Dataset extract -

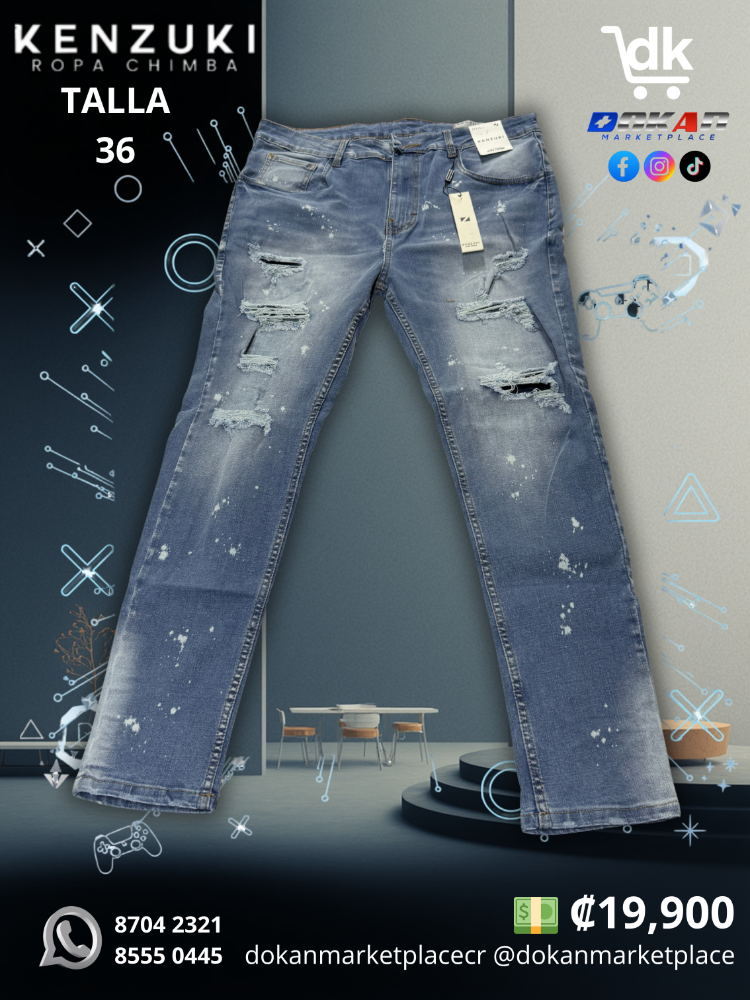 Pantalon Premium Kenzuki	Azul/ Claro/ Manchas Slim 36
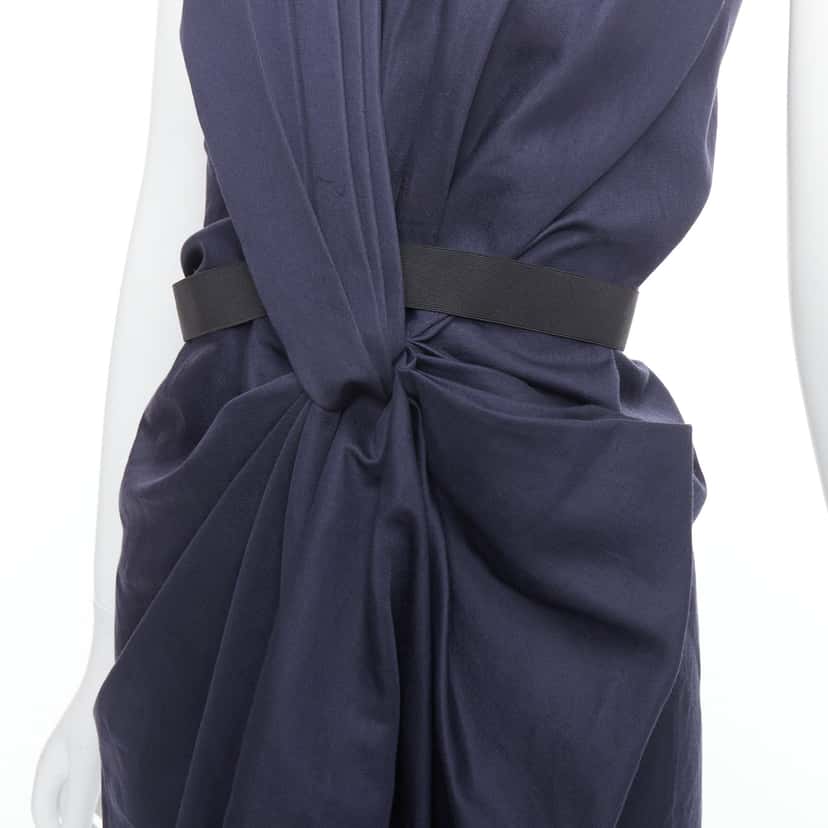 Lanvin Belted Mini Dress Navy Polyester Very good condition - Back View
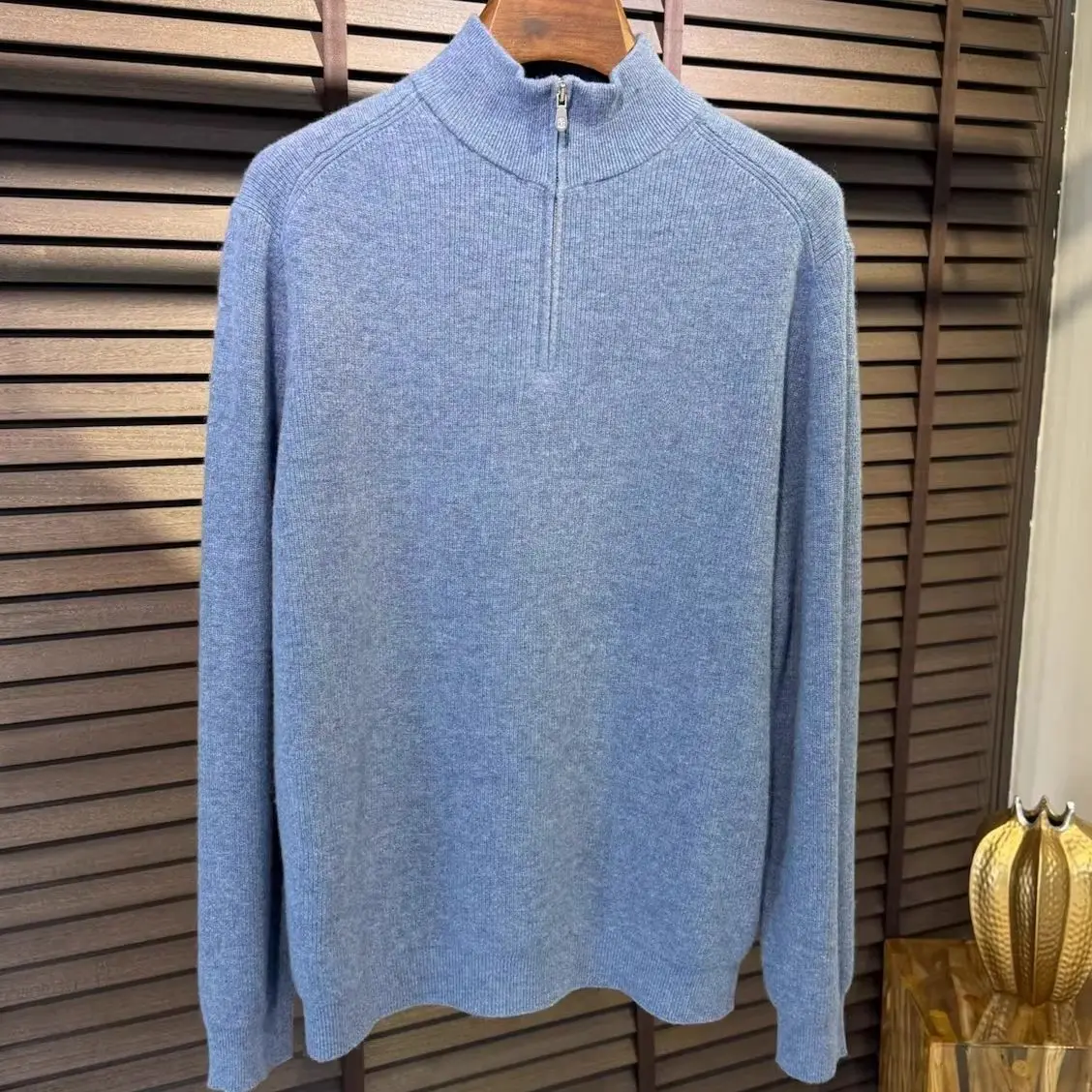 Italian BC wool cashmere casual semi-turtleneck knitted sweater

Description of the task -
The answer must be the data above, repeated exactly, with no pictures.

Solution for this task -
 Pantalon Premium Kenzuki	Azul/ Claro/ Manchas Slim 36
 Lanvin Belted Mini Dress Navy Polyester Very good condition - Back View
 Italian BC wool cashmere casual semi-turtleneck knitted sweater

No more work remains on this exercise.